Slabs of volcanic lava on the Firehole's streambed
Working at the Clinton River Watershed Council made me a student of watersheds, the science of how land and water work together. Being able to walk the Firehole nearly every day is like a graduate course at Oxford in how watersheds are supposed to work. Land, water, gravity, Earth’s heat, and rock’s dissolved minerals all combine to create a river system full of life.

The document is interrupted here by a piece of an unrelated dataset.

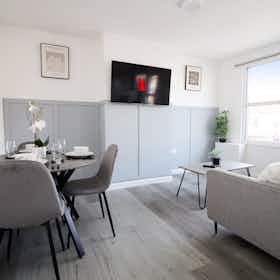Apartamento para alugar por € 3.412 por mês em Bristol, Filton Avenue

Wild brown and rainbow trout (rivers here have not been stocked since the early 20th century) hang in its currents.  Bison and elk graze its meadows. Sandhill cranes and ospreys call its riverbanks home. The mineral-rich chemistry of the water from the geysers and hot springs create a lush aquatic life of bright green rooted vegetation. A proliferation of aquatic insects…mayflies, caddis, stoneflies…provide trout with a full diet, and bewilder the angler figuring out what fly will work on any given evening.
Heat-loving bacteria form colorful mats around the river's hot springs
As watersheds go, the Firehole is not large, just 282 square miles. The Clinton River is 760 square miles; the Au Sable River’s drainage at Mio is 1,361 square miles. But, square miles are just two-dimensional, they don’t account for the elevation change of the Firehole’s landscape.  Stretch the surrounding hills and valleys out flat, and you’d get a far larger watershed.

The river’s perimeter, often a hundred yards wide on each side, is boggy, marshy ground; spongy enough in places to bounce trampoline-like to your step. This cushions snowmelt and rain runoff, slowly releasing it back to the river. It is these physical characteristics that give the river its stability. The Firehole virtually never floods out of its banks. Only a few days each spring are lost to fishing due to a muddy river.
Broad meadows line miles of the Firehole

What are lost to anglers, though, are the summer months. The Firehole’s fishing days are numbered as July approaches, when the water becomes too warm from the geothermals for cold-loving trout. They become lethargic or leave to seek cool refuge in small tributaries. It will be time to give the Firehole a rest until September. Then, it’s time to head for Yellowstone cutthroat trout country in the Park’s northeast section.

1 comment:

  1. Nice narrative on the Firehole. I don't know it, but I hope to in September.